Le Musée canadien des droits de la personne a récemment annoncé de grandes découvertes archéologiques réalisées lors de fouilles sur son site de construction. Mireille Lamontagne, diplômée en muséologie et archéologie et employée du musée, fait le point.
400 000. C’est, approximativement, le nombre de pièces qui ont été découvertes lors de fouilles réalisées sur le site du chantier du Musée canadien des droits de la personne. Un chiffre révélé au cours de l’été dernier et qui a de quoi donner le vertige.
Les artefacts sortis de terre permettent aux historiens de remonter dans le temps, jusqu’aux années 1100 et 1400 de notre ère. « 13 000 tessons de céramique, 191 foyers de feu de camps, 200 outils en pierre, 50 outils en os fin… », énumère la gestionnaire de la programmation éducative au Musée canadien des droits de la personne, Mireille Lamontagne.
Au total, 30 à 40 personnes ont effectué les recherches qui se sont déroulées en deux phases dans un espace de 150m², entre 2008 et 2012. Véritables courses contre la montre, ces fouilles, dites d’atténuation, visaient à limiter les effets de la construction du musée et sauver tous les trésors archéologiques qui pouvaient l’être. Elles ont donné lieu à deux rapports, d’un total de 500 pages, analysés par Mireille Lamontagne.
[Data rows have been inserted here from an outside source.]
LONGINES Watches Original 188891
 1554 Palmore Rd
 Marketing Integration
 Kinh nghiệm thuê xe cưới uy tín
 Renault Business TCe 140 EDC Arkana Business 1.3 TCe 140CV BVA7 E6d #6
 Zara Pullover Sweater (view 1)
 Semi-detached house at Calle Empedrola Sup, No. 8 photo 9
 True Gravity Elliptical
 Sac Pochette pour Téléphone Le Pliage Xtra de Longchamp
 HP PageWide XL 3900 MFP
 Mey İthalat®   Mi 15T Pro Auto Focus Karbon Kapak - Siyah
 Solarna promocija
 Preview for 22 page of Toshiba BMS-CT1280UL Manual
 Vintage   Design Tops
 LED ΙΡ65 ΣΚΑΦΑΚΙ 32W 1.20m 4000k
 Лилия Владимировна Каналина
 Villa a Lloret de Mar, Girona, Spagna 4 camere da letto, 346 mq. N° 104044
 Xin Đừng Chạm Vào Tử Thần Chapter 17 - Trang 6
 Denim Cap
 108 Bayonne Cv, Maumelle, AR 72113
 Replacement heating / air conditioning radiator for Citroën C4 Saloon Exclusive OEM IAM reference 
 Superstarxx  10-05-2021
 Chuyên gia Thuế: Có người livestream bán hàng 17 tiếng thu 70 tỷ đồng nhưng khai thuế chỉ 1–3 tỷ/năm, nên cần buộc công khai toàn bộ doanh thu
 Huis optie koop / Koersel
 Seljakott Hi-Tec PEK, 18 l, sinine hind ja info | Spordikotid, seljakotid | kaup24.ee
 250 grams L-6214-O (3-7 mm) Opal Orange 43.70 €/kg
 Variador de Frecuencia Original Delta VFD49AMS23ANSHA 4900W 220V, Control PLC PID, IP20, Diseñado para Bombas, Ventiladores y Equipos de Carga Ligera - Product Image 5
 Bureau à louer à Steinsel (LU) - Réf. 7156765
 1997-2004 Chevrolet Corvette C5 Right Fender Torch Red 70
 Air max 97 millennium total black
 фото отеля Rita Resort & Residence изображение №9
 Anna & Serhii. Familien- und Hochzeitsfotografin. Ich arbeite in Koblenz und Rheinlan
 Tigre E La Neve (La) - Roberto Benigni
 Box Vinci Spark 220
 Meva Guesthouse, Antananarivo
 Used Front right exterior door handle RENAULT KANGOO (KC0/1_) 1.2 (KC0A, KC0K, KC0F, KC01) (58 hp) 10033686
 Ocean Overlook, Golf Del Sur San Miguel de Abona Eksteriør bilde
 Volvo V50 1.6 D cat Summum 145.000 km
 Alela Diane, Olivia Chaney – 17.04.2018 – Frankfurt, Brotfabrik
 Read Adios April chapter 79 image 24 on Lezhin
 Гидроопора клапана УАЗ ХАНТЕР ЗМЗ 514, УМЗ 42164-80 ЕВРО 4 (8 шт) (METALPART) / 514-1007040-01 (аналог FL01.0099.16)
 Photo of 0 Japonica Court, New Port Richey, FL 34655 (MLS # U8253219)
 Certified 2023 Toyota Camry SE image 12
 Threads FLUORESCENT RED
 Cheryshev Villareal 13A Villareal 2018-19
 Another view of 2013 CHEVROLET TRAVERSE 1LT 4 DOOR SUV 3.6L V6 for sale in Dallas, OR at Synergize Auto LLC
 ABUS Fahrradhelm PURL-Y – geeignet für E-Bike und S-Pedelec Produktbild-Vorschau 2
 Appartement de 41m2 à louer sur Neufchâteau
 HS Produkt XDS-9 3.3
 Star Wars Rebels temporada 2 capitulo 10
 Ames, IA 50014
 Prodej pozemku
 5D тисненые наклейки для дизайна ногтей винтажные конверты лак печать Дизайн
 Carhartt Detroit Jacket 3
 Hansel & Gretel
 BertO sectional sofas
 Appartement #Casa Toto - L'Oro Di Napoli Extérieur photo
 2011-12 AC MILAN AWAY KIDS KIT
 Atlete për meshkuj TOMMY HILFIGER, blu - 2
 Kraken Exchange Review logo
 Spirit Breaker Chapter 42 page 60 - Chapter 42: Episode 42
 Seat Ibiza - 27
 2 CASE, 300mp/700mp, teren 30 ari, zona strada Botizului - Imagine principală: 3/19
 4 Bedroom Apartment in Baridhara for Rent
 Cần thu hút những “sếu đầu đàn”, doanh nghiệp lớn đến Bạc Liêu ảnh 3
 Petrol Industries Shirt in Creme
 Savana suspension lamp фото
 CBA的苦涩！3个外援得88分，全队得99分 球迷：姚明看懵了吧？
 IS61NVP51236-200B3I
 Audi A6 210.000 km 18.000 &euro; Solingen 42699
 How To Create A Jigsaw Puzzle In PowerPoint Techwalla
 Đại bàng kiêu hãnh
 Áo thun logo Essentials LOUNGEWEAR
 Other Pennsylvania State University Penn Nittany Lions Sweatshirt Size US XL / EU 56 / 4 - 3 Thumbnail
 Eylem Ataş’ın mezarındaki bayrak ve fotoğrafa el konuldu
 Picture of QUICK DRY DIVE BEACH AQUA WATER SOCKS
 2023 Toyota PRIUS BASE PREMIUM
« J’ai vraiment été surprise en les lisant, indique-t-elle. Ce qu’on a trouvé est très, très important. Les artefacts sont tellement riches qu’on pourrait faire des études dessus pendant 20 ans ! »
Convergence de traditions
Si le site de La Fourche est bien connu pour avoir été un carrefour où se rencontraient différents peuples au cours de l’histoire, les récentes découvertes apportent un éclairage nouveau. « Ce que les pièces retrouvées nous indiquent, c’est que soit les gens qui habitaient là entreprenaient l’agriculture, soit ils faisaient du troc avec d’autres groupes qui maîtrisaient cette technique », explique Mireille Lamontagne. Jusque-là, aucune fouille à La Fourche n’avait apporté de preuve tangible concernant une quelconque connaissance en matière agricole. Cette trouvaille revêt une importance capitale quant aux informations qu’elle donne sur les Premières Nations et le regard qu’a porté l’homme blanc sur ces peuples. « On a eu tendance à parler des Autochtones comme des sociétés non sophistiquées, nomades », souligne-t-elle.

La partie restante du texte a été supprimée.